(DIRECTIONS FOR THIS TASK) Look below for the line with "Kistore Summer 2" and the line with "Table d'appoint pliante"; repeat exactly those two lines and all lines between them, but no pictures.

[Crawled caption data]
· · · · · · ·
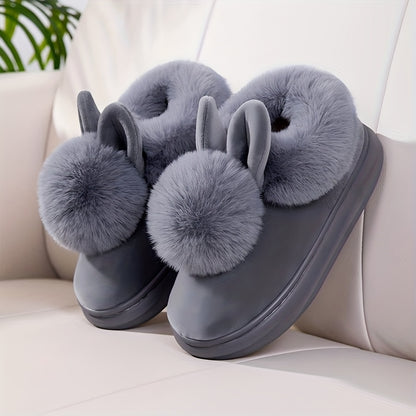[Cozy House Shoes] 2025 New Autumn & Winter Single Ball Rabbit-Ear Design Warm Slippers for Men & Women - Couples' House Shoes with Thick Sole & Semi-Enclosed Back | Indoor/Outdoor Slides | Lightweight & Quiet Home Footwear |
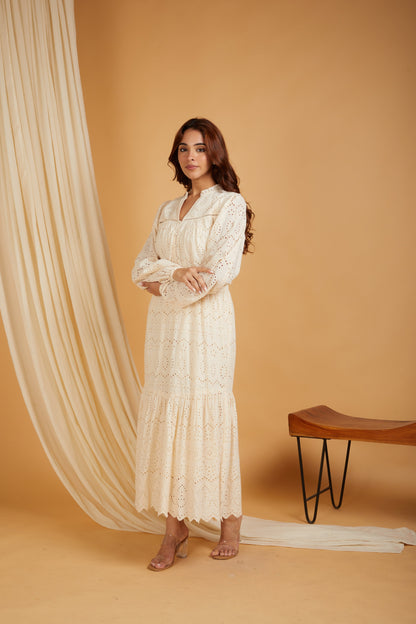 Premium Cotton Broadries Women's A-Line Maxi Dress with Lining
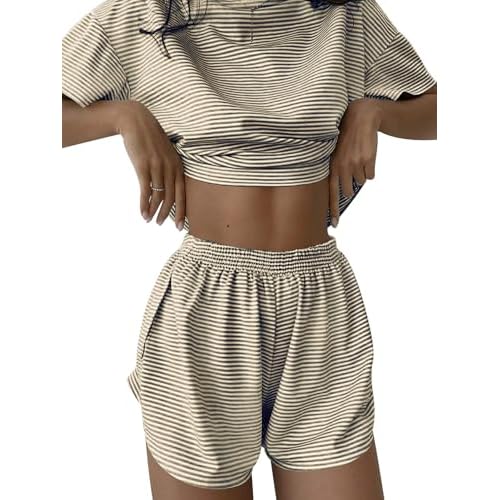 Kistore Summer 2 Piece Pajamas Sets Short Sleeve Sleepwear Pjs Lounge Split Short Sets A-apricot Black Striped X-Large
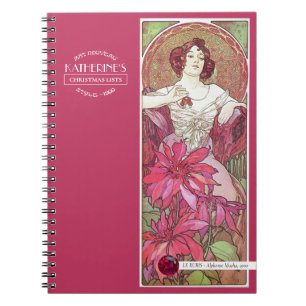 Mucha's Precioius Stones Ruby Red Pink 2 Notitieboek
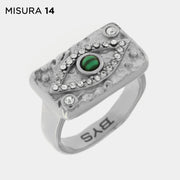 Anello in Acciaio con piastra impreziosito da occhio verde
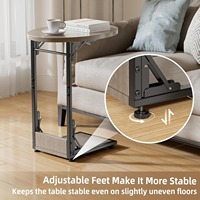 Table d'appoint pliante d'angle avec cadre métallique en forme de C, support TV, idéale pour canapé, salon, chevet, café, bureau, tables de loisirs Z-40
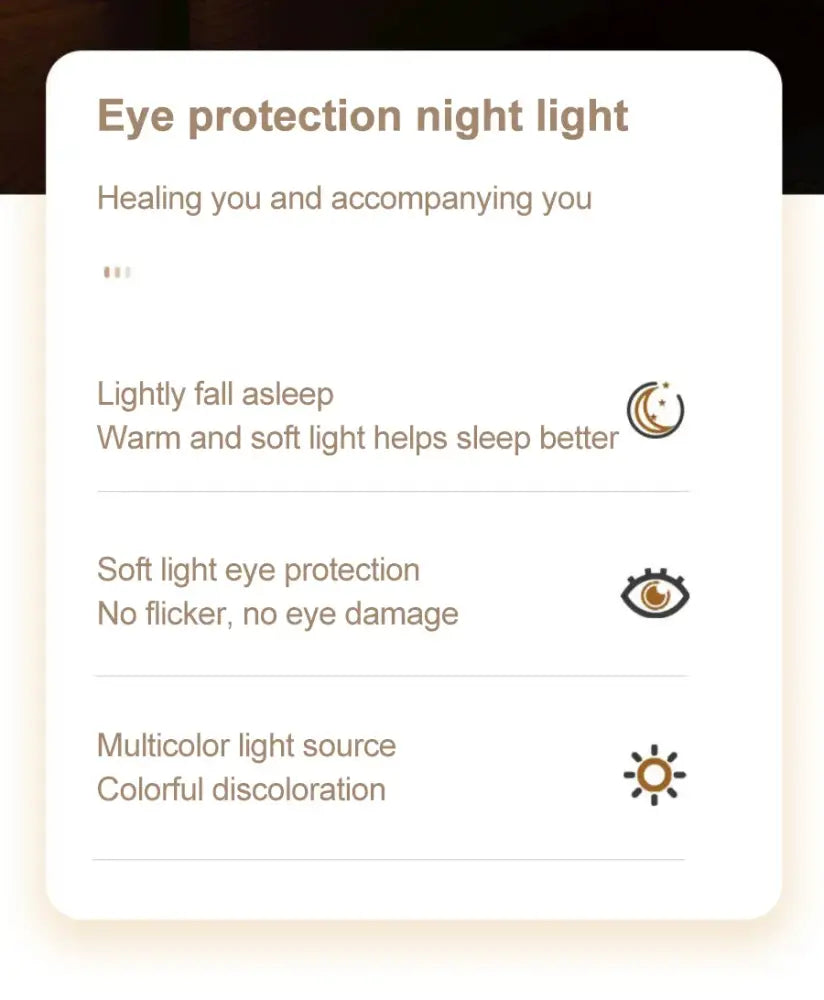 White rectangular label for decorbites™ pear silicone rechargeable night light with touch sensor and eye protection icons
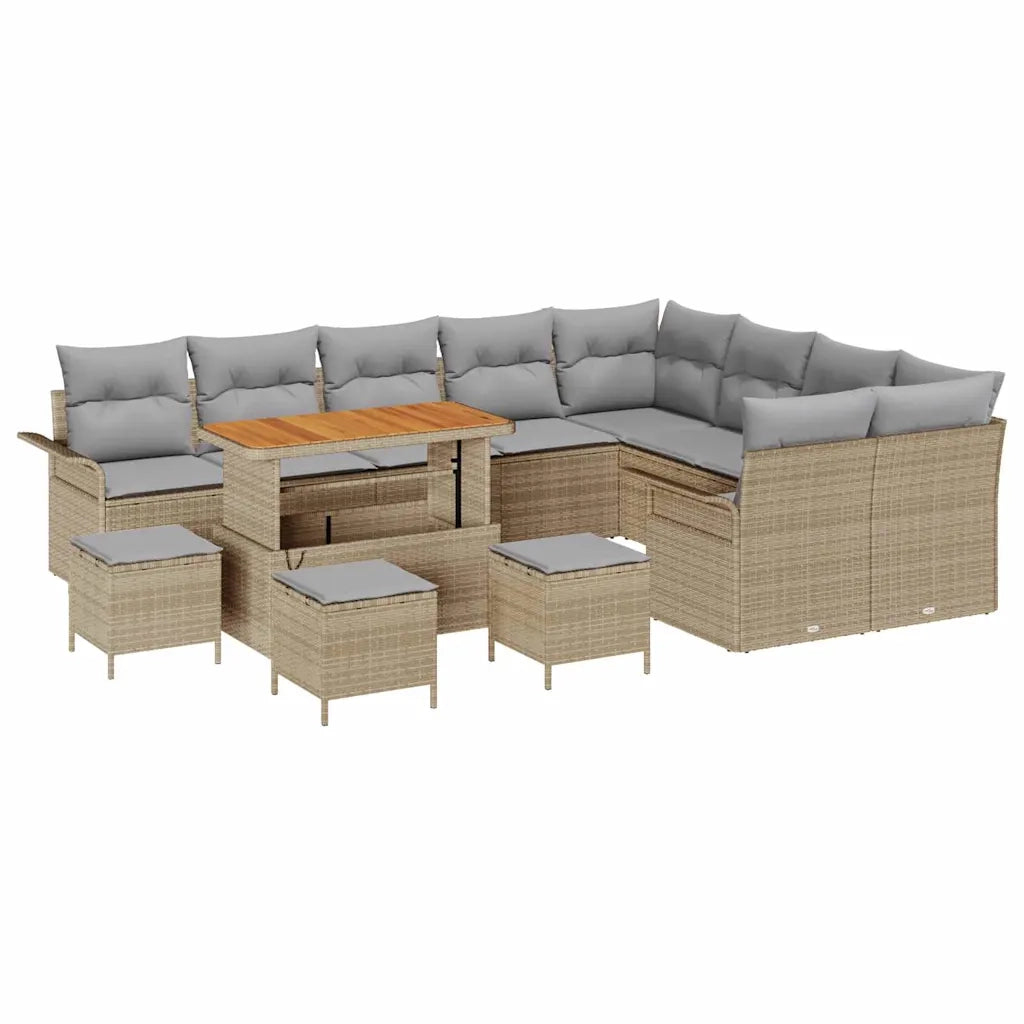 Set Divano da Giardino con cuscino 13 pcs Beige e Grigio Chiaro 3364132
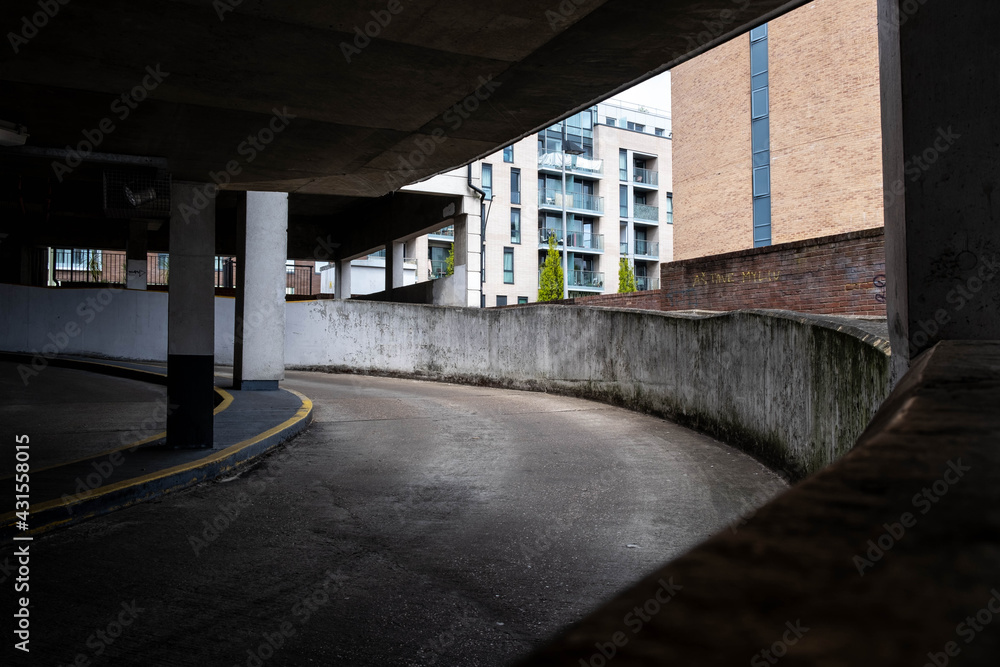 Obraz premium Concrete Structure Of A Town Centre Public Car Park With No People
· · · · · · ·
(ANSWER AREA)
 Kistore Summer 2 Piece Pajamas Sets Short Sleeve Sleepwear Pjs Lounge Split Short Sets A-apricot Black Striped X-Large
 Mucha's Precioius Stones Ruby Red Pink 2 Notitieboek
 Anello in Acciaio con piastra impreziosito da occhio verde
 Table d'appoint pliante d'angle avec cadre métallique en forme de C, support TV, idéale pour canapé, salon, chevet, café, bureau, tables de loisirs Z-40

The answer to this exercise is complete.